There is clearly real potential for data and technology to help keep people healthy and prevent illness. Indeed, this is already happening. But there are also dangers, such as the potential for novel solutions to increase health inequalities, and there are real opportunity costs.
This document sets out the following five challenges with taking forward the vision for data and technology, as set out in the green paper:
- The government needs to focus on what will have the biggest impact on population health, addressing wider determinants of health, not just individual-level susceptibility.
- The government needs to find the right balance between universal versus targeted interventions. There may be some benefits to greater targeting of existing services, such as screening, but the costs and benefits need to be weighed carefully and evaluated robustly.
- It is important to apply data and tech solutions in ways that reduce health inequalities and benefit those most in need. This includes addressing explicitly the impact of new solutions on health inequalities, taking into account the barriers that some groups face in accessing preventative services.
- It is essential to address the prediction–prevention evidence gap.
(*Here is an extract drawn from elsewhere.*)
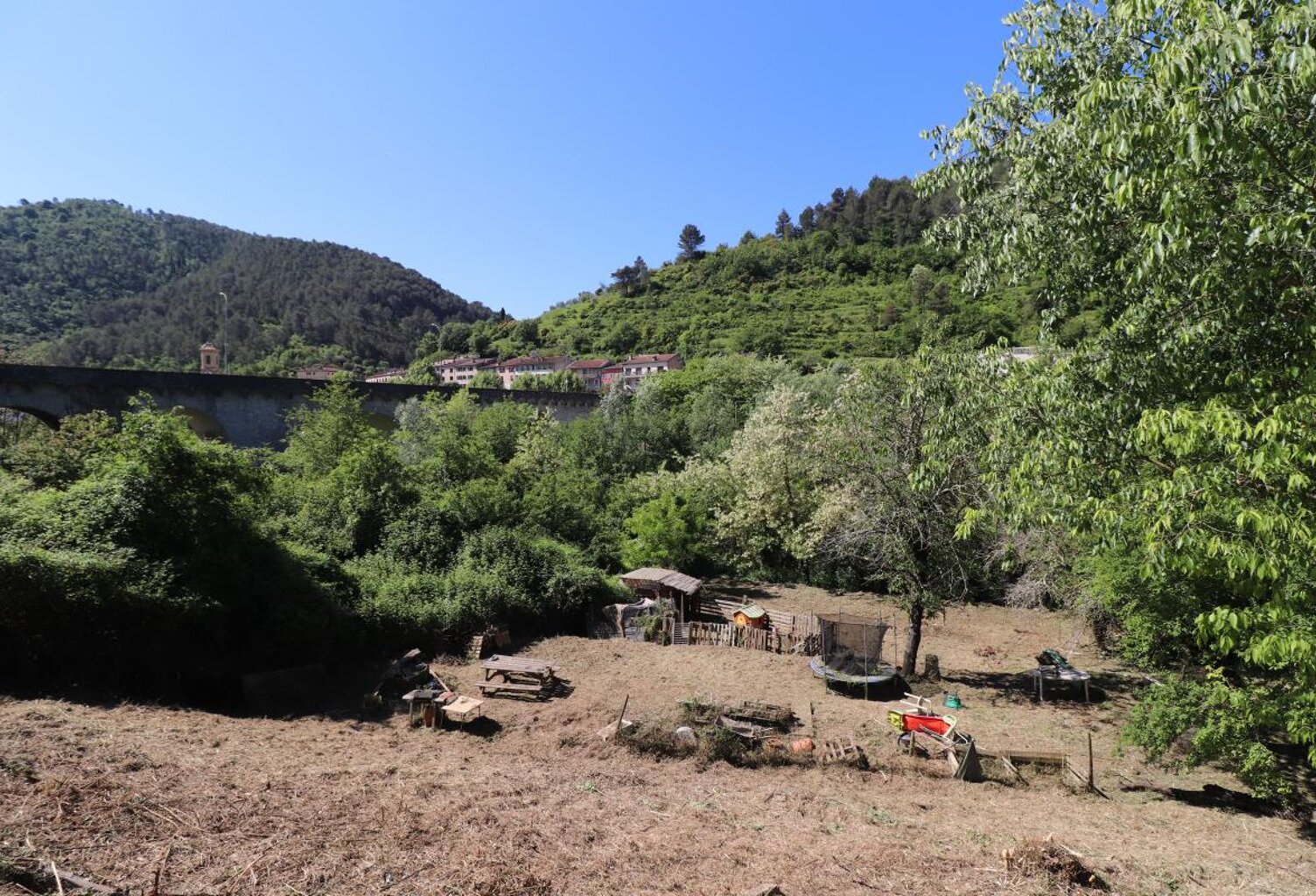 L'ESCARENE - TERRAIN DE LOISIRS 1823 M² A VENDRE — photo 1
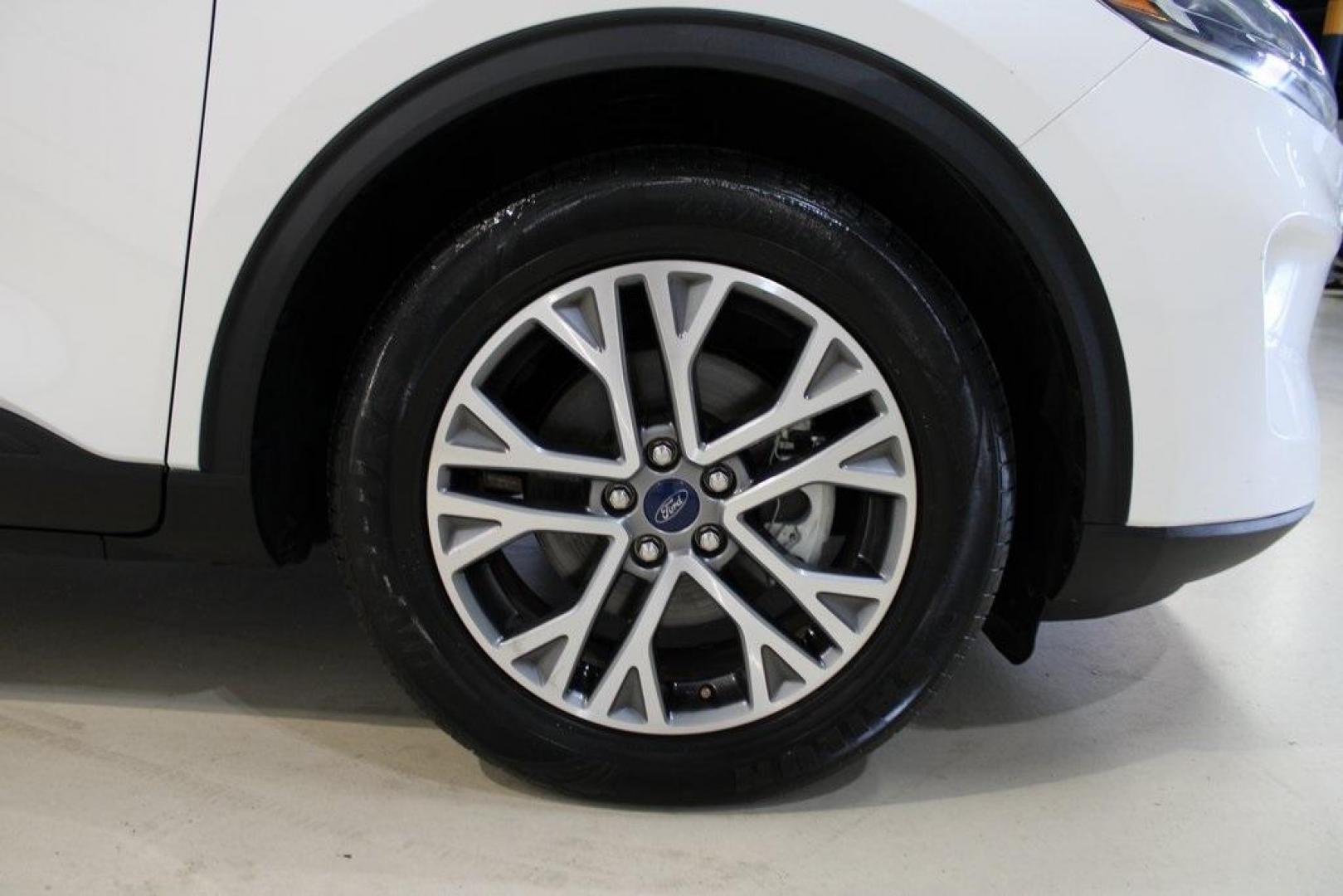 2022 Star White Metallic Tri-Coat /Ebony Ford Escape SEL (1FMCU0H65NU) with an 1.5L EcoBoost engine, Automatic transmission, located at 15300 Midway Rd., Addison, TX, 75001, (972) 702-0011, 32.958321, -96.838074 - Photo#11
More granular calculation of risk doesn’t automatically translate into more effective prevention or improved health. Robust research and evaluation is needed to develop the evidence base bridging this gap.
- It is important to balance investment in novel technological solutions with the need for ongoing investment (or reinvestment) in tried-and-tested prevention methods. Effective use of modelling methods and robust, rapid evaluation can help ensure that scarce resources are not poured into solutions that have little or no impact on population health.
These challenges must be addressed if new data and technology solutions are to have a real impact on population health. If we are to make the most of the opportunities, the government’s vision of new data and technology for public health must move beyond personalisation and consider the wider potential to improve the public’s health.